(Image-text web data)
- - - -

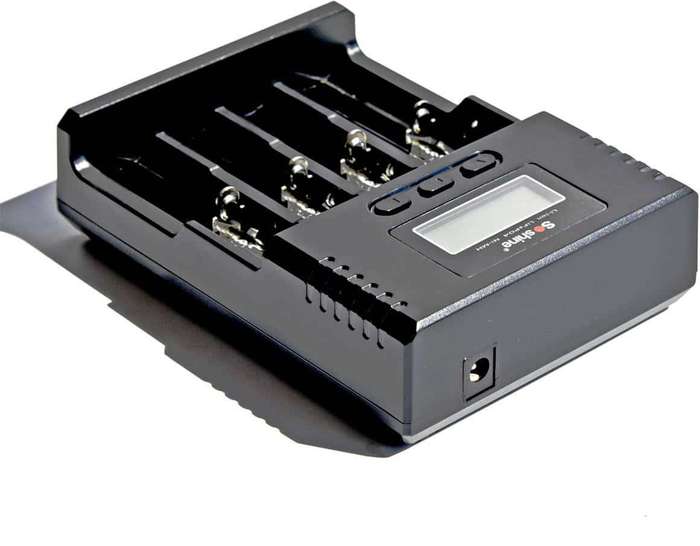 Soshine H4 LCD Li-ion/NiMH/LiFePO4 Battery Charger for 14500 18350 18650 26650 AA AAA C
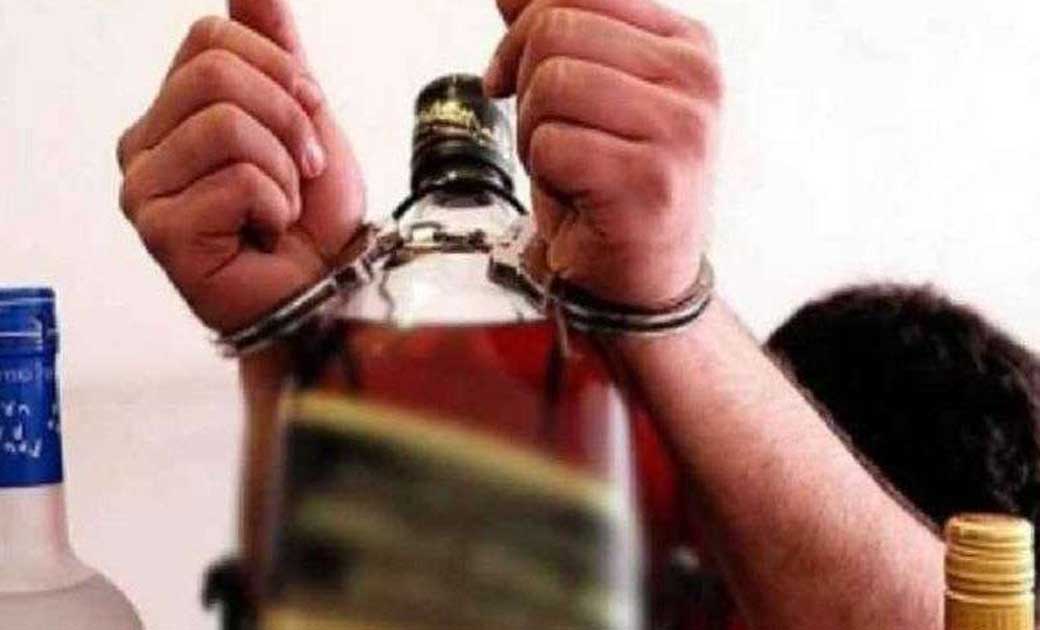 पटेवा : 06 लीटर महुआ शराब के साथ महिला गिरफ्तार. - CG Sandesh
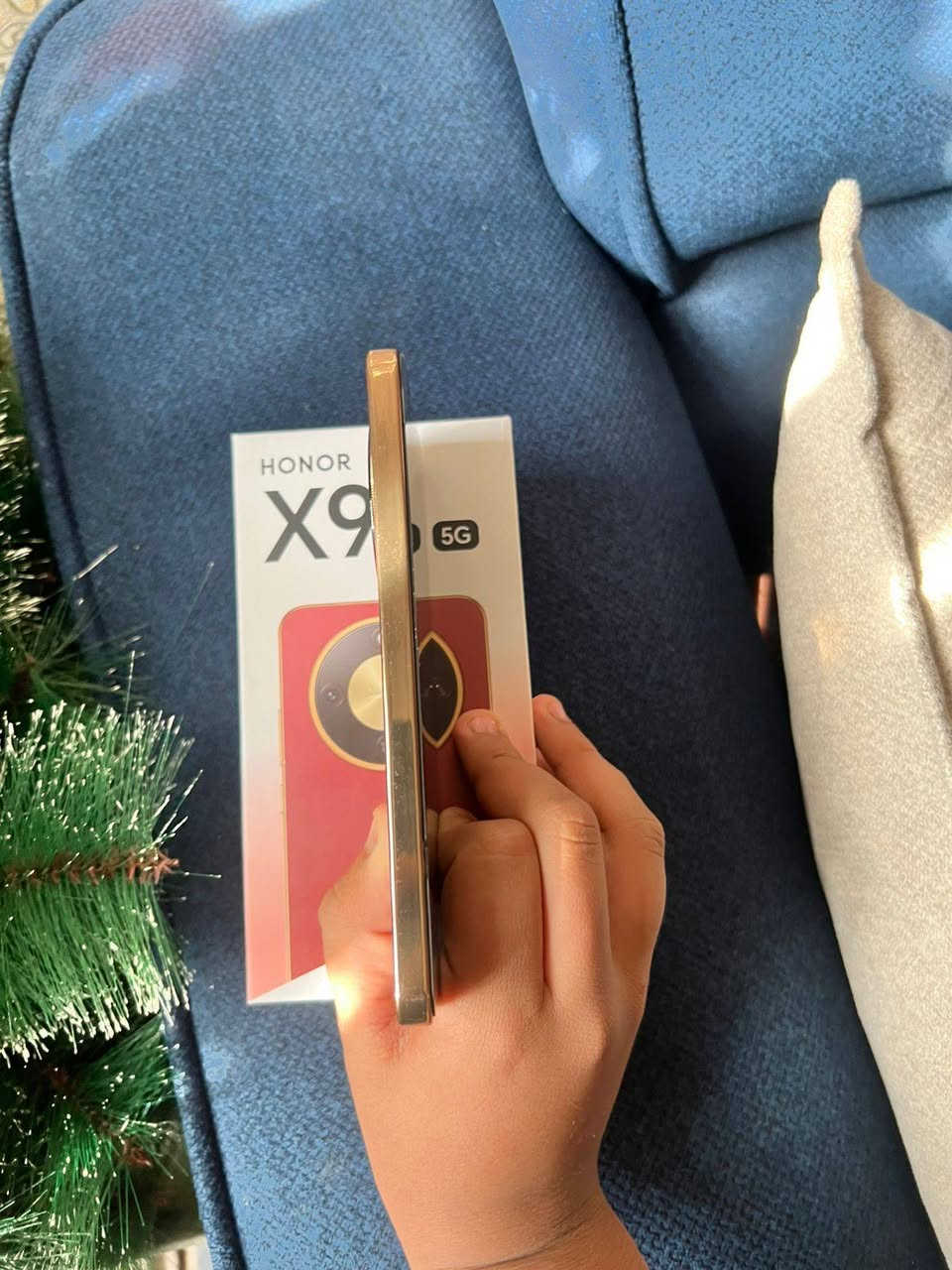 السلام عليكم من رخصه الادمن
جهاز honor x9d
ذاكره
 265gb
عشوائيه 12+12
بطاريه 83000mAh
كامره الاماميه 108
المعالج Snapdragon6 gen 4
جهاز استعمال اسبوعين فقط
كامل ملحقات من كارتون الجهاز الاصلي والكفر الاصلي وشاحن اصلي وكيبل الاصلي 
سعر الجهاز 380 وقابل للتفاوض 
العنوان بغداد الشعب حي البساتين


**إذا كنت صاحب هذا الإعلان وتريد حذفه لأي سبب، رجاءا أرسل رسالة إلى الدعم الفني**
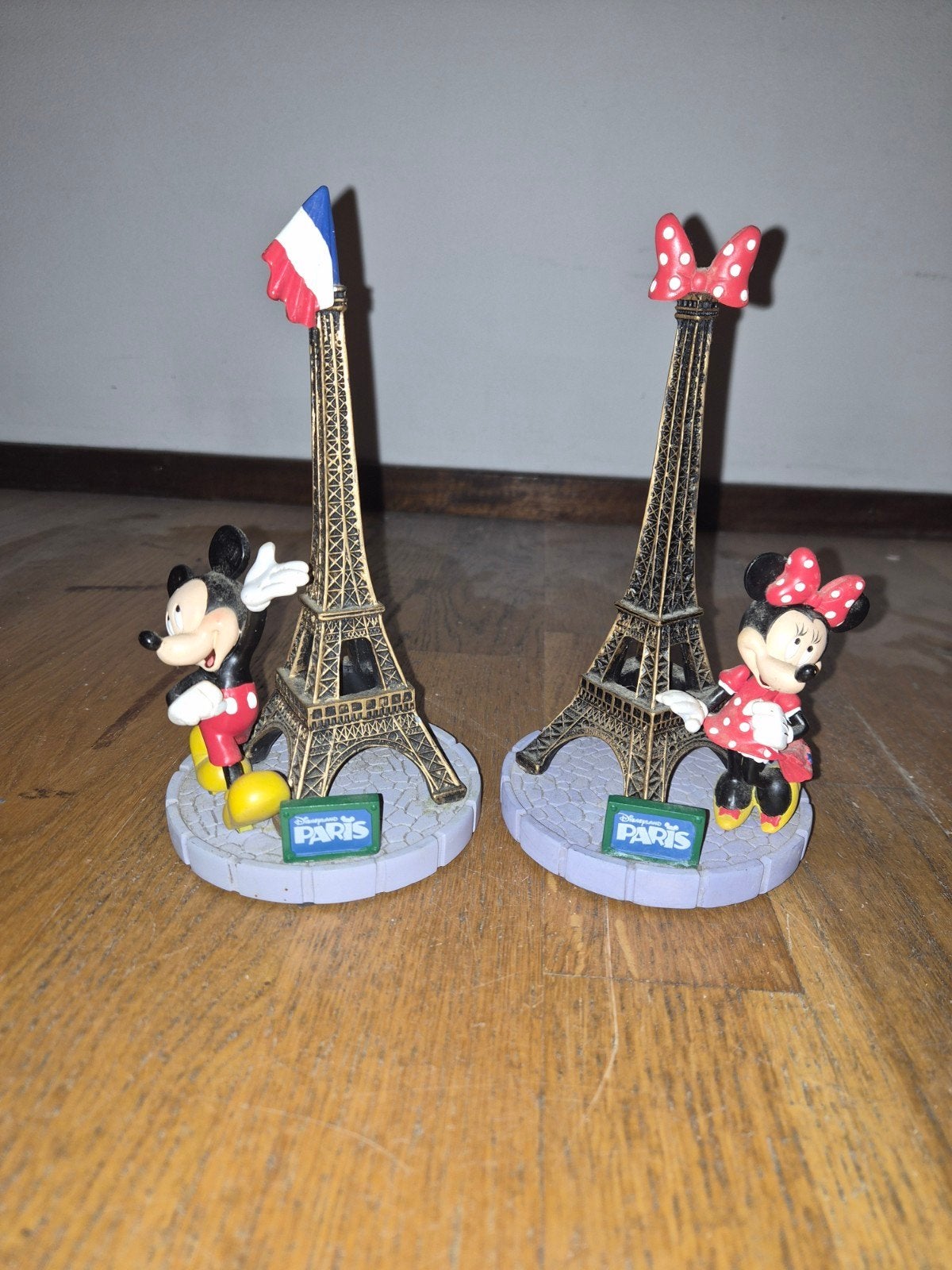 Mickey & Minnie Eiffeltoren Beeldjes - Disneyland Parijs, Ophalen of Verzenden, Mickey Mouse, Gebruikt, Beeldje of Figuurtje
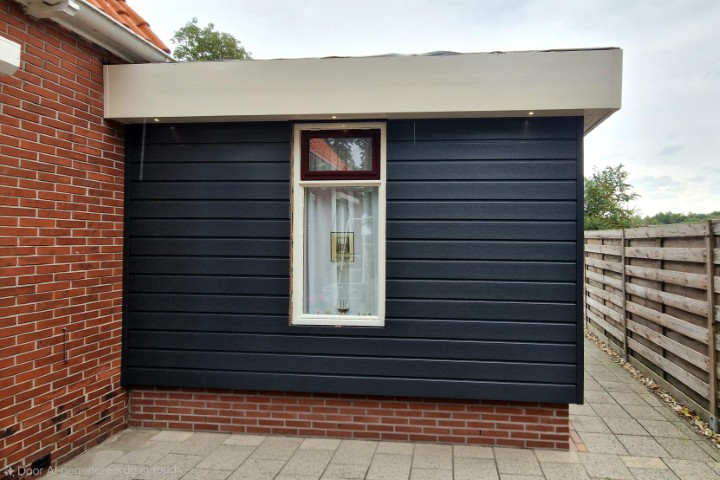gevelbekleding kunststof rechthoekig op buitengevel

- - - -

**Task**
The required result is an exact copy of the lines from the line containing "جهاز استعمال اسبوعين فقط" through the end of the entries, with every picture left out.

**Task response**
جهاز استعمال اسبوعين فقط
كامل ملحقات من كارتون الجهاز الاصلي والكفر الاصلي وشاحن اصلي وكيبل الاصلي 
سعر الجهاز 380 وقابل للتفاوض 
العنوان بغداد الشعب حي البساتين


**إذا كنت صاحب هذا الإعلان وتريد حذفه لأي سبب، رجاءا أرسل رسالة إلى الدعم الفني**
 Mickey & Minnie Eiffeltoren Beeldjes - Disneyland Parijs, Ophalen of Verzenden, Mickey Mouse, Gebruikt, Beeldje of Figuurtje
gevelbekleding kunststof rechthoekig op buitengevel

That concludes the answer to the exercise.